• [Task description]: Reproduce exactly the lines that run from the start of the records below to the line with "Now specify where", inclusive.

[Provided records — start]

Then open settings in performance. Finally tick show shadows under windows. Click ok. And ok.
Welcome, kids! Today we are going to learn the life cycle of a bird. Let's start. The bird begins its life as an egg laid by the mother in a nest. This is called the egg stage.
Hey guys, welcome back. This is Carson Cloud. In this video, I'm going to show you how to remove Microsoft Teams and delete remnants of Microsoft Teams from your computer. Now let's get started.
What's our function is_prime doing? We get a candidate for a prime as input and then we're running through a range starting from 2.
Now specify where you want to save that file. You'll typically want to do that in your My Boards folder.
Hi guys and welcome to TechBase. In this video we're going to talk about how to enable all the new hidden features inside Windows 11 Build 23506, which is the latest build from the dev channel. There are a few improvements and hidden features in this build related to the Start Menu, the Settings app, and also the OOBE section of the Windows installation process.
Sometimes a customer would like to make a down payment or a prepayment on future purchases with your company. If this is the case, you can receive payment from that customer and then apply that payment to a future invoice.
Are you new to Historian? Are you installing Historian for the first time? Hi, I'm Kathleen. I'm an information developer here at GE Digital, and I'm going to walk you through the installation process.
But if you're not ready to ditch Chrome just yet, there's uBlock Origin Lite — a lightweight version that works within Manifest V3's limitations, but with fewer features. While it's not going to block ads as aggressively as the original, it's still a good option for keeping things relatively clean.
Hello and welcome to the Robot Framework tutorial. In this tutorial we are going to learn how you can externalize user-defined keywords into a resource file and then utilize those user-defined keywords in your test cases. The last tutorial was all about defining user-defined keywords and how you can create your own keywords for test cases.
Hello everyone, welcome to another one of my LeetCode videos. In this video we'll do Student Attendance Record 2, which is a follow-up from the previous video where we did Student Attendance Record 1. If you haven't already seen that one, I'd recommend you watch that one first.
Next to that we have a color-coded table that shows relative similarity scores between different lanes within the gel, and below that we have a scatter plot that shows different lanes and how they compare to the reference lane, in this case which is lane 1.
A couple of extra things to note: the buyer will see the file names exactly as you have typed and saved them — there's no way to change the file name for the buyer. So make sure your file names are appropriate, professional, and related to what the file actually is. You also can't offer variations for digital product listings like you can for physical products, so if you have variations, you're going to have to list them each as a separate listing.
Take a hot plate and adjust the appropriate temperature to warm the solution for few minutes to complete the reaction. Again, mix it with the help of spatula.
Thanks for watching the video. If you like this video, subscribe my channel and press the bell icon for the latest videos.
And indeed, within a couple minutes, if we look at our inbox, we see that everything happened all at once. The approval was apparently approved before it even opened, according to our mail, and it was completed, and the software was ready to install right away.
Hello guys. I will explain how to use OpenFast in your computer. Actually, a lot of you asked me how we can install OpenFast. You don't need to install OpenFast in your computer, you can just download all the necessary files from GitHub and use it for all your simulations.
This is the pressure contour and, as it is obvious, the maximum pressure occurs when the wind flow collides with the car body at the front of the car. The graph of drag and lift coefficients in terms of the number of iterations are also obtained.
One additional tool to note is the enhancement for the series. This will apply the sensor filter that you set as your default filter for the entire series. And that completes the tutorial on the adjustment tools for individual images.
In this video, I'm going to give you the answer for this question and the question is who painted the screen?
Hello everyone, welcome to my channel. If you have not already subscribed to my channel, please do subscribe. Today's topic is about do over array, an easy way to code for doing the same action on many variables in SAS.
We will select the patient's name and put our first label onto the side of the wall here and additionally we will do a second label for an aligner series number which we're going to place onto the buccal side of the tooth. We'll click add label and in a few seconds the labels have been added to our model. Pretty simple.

[Provided records — finish]

• [Answer area]:
Then open settings in performance. Finally tick show shadows under windows. Click ok. And ok.
Welcome, kids! Today we are going to learn the life cycle of a bird. Let's start. The bird begins its life as an egg laid by the mother in a nest. This is called the egg stage.
Hey guys, welcome back. This is Carson Cloud. In this video, I'm going to show you how to remove Microsoft Teams and delete remnants of Microsoft Teams from your computer. Now let's get started.
What's our function is_prime doing? We get a candidate for a prime as input and then we're running through a range starting from 2.
Now specify where you want to save that file. You'll typically want to do that in your My Boards folder.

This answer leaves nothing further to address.